[[ Extracted data, beginning ]]
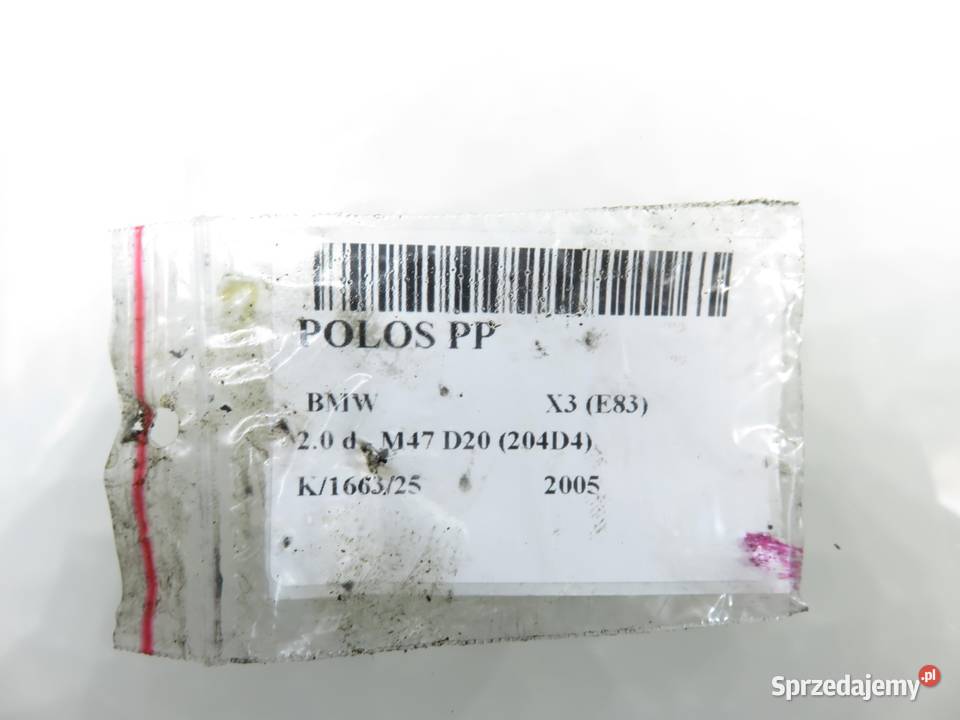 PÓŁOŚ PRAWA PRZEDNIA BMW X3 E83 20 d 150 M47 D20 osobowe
[[ Extracted data, end ]]
[[ Extracted data, beginning ]]
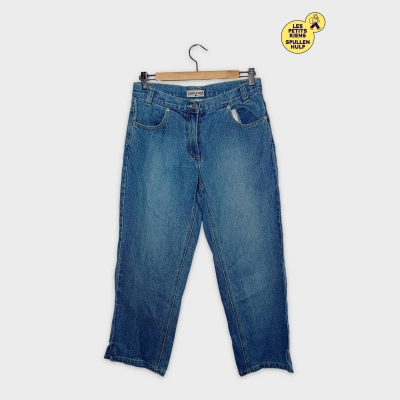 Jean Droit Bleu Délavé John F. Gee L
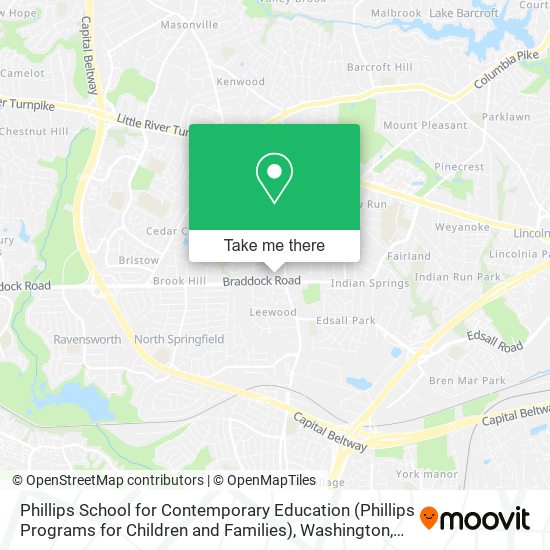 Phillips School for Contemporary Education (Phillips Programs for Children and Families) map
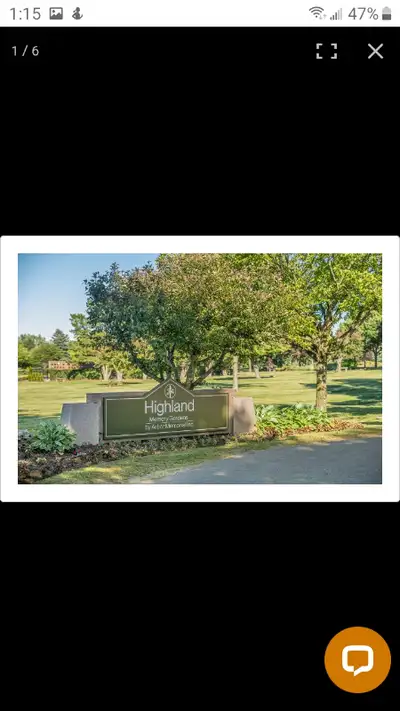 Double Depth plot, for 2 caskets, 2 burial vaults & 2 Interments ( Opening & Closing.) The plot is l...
[[ Extracted data, end ]]
[[ Extracted data, beginning ]]
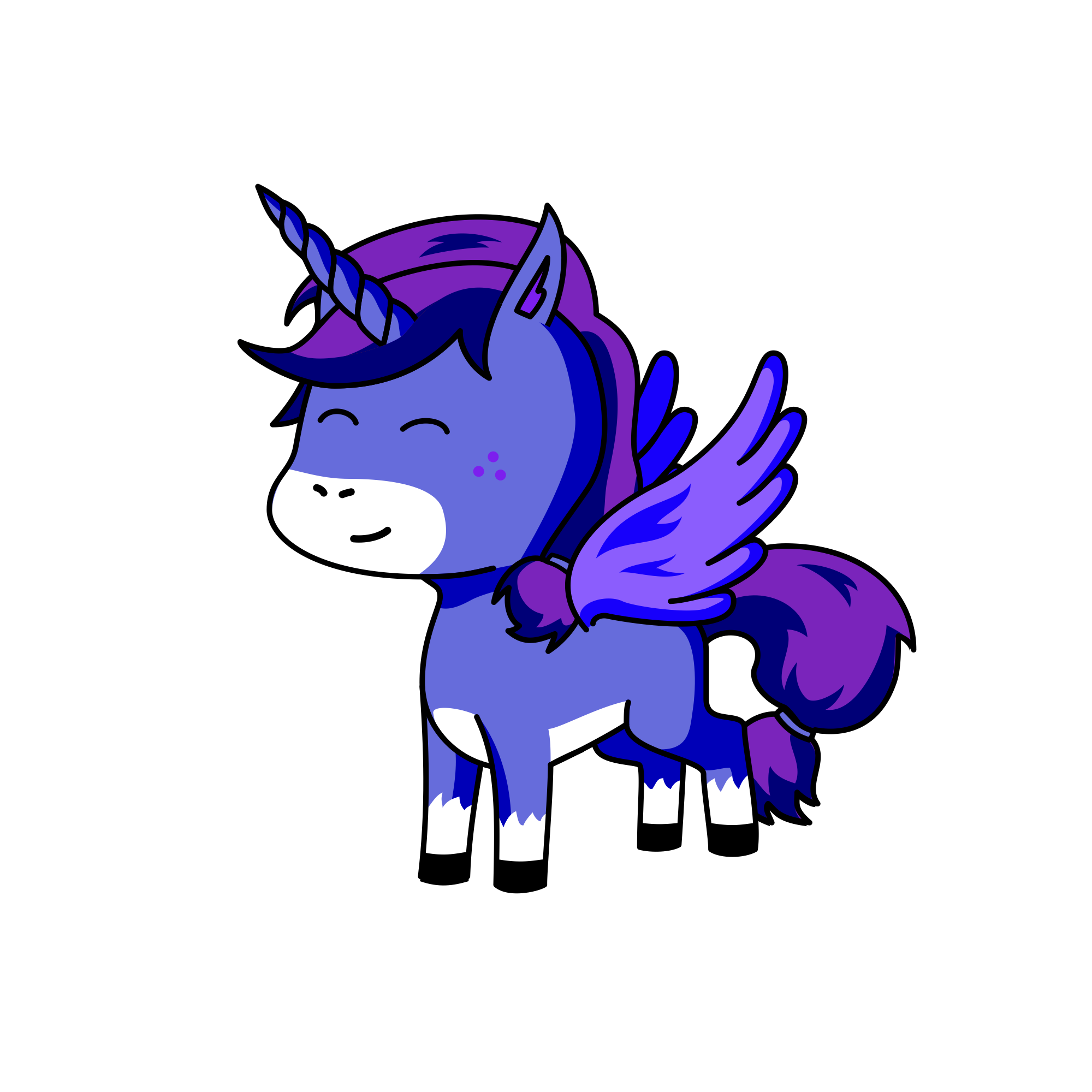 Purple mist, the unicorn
[[ Extracted data, end ]]
→ **What you should do**: Go to the line above holding "Phillips School for", then copy exactly each line down to and including the one holding "Double Depth plot, for", leaving pictures out.

→ **Written answer**:
 Phillips School for Contemporary Education (Phillips Programs for Children and Families) map
 Double Depth plot, for 2 caskets, 2 burial vaults & 2 Interments ( Opening & Closing.) The plot is l...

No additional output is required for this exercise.